The Basic Compact includes an expectation that the parties will repair faulty knowledge, beliefs and assumptions when these are detected.
During an incident, the responders need to maintain a shared understanding about information such as the known state of the system and what mitigations people are about to attempt. The authors use the term common ground to describe this shared understanding. Anyone who has been in in an on call rotation will find the following description familiar:
All parties have to be reasonably confident that they and the others will carry out their responsibilities in the Basic Compact. In addition to repairing common ground, these responsibilities include such elements as acknowledging the receipt of signals, transmitting some construal of the meaning of the signal back to the sender, and indicating preparation for consequent acts.
Maintaining common ground during an incident takes active effort on behalf of the participants, especially when we’re physically distributed and the situation is dynamic: where the system is not only in a bad state, but it’s in a bad state that’s changing over time. Misunderstandings can creep in, which the authors describe as a common ground breakdown that requires repair to make progress.
A common ground breakdown can mean the difference between a resolution time of minutes and hours. I recall an incident I was involved with, where an engineer made a relevant comment in Slack early on during the incident, and I missed its significance in the moment. In retrospect, I don’t know if the engineer who sent the message realized that I hadn’t properly processed its implications at the time.
Directability refers to deliberate attempts to modify the actions of the other partners as conditions and priorities change.
Imagine a software system has gone unhealthy in one geographical region, and engineer X begins to execute a failover to remediate. Engineer Y notices customer impact in the new region, and types into Slack, “We’re now seeing a problem in the region we’re failing into! Abort the failover!” This is an example of directability, which describes the ability of one agent to affect the behavior of another agent through signaling.

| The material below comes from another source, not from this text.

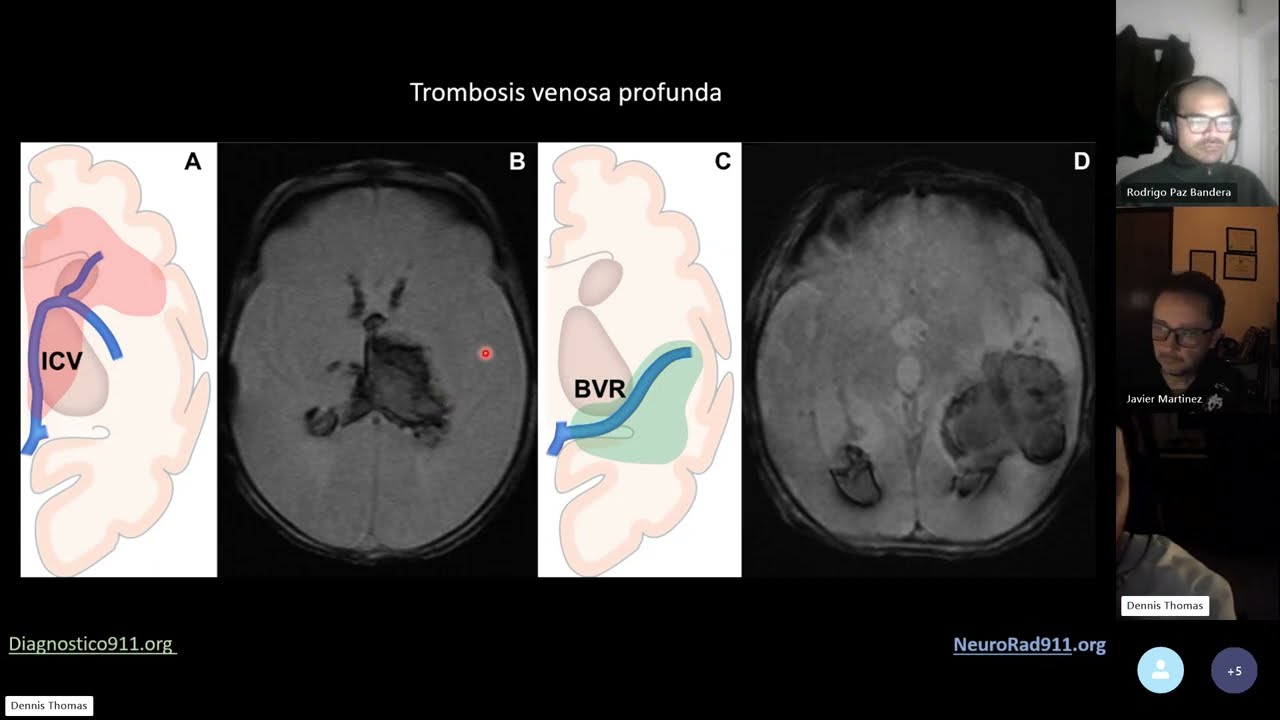Accidente cerebrovascular neonatal Venoso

Making contracts and compacts first class
Both contracts and compacts are tools to help deal with complexity. People use contracts to help reason about the behavior of software artifacts. People use the Basic Compact to help reason about each other’s behavior when working together to resolve an incident.
I’d like to see both contracts and compacts get better treatment as first-class concerns. For contracts, there still isn’t a mainstream language with first-class support for preconditions and postconditions, although some non-Eiffel languages do support them (Clojure and D, for example). There’s also Pact, which bills itself as a contract testing tool, that sounds interesting but I haven’t had a chance to play with.
For coordination (compacts), I’d like to see explicit recognition of the difficulty of coordination and the significant role it plays during incidents. One of the positive outcomes of the growing popularity of resilience engineering and the learning from incidents in Software movement is the recognition that coordination is a critical activity that we should spend more time learning about.
Further reading and watching
Common Ground and Coordination in Joint Activity is worth reading in its entirety. I only scratched the surface of the paper in this post. John Allspaw gave a great Papers We Love talk on this paper.
Laura Maguire has done some recent PhD work on managing the hidden costs of coordination. She also gave a talk at QCon on the subject.
Ten challenges for making automation a “team player” in joint human-agent activity is a paper that explores the implications of building software agents that are capable of coordinating effectively with humans.
An Axiomatic Basis for Computer Programming is worth reading to get a sense of the history of preconditions and postconditions. Check out Jean Yang’s Papers We Love talk on it.